| Problem |
Here is the task for the listing below: output exactly the lines from the one containing "Czerwony kubek termiczny" through the one containing "Lizz Luna online", and leave out the pictures.

| Data |
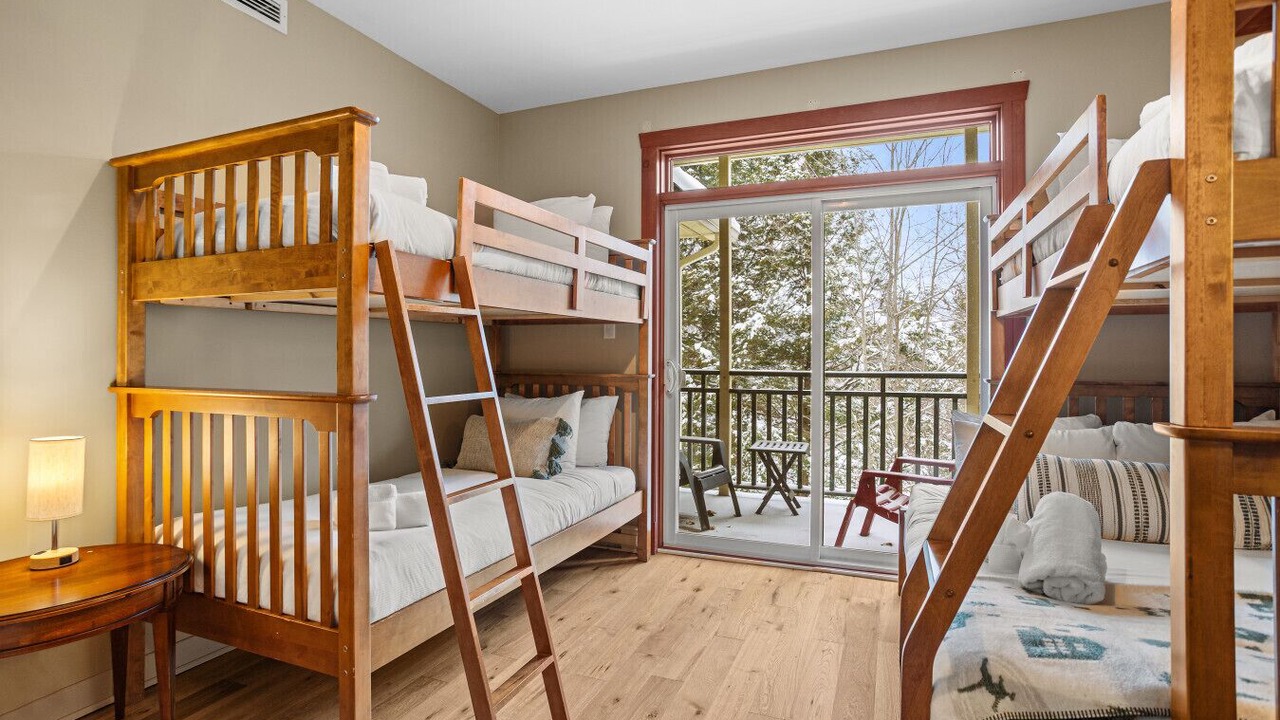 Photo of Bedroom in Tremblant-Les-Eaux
* * *
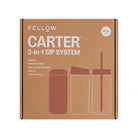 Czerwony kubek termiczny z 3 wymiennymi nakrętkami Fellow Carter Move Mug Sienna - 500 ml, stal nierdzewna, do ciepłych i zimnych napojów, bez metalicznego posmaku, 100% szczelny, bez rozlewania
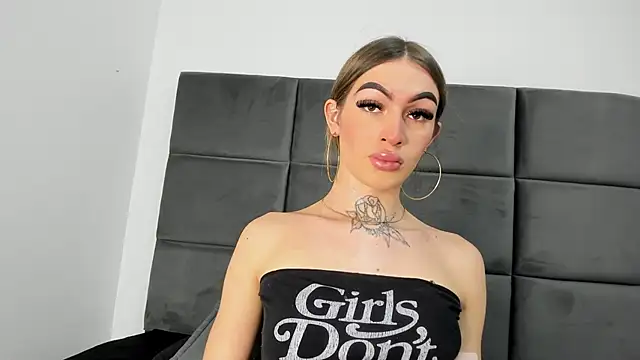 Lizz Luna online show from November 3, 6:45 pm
...
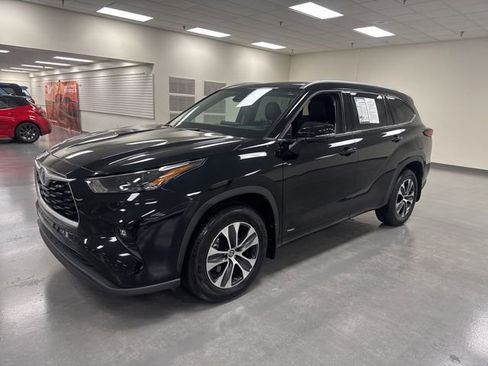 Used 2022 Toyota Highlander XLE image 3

| Response |
 Czerwony kubek termiczny z 3 wymiennymi nakrętkami Fellow Carter Move Mug Sienna - 500 ml, stal nierdzewna, do ciepłych i zimnych napojów, bez metalicznego posmaku, 100% szczelny, bez rozlewania
 Lizz Luna online show from November 3, 6:45 pm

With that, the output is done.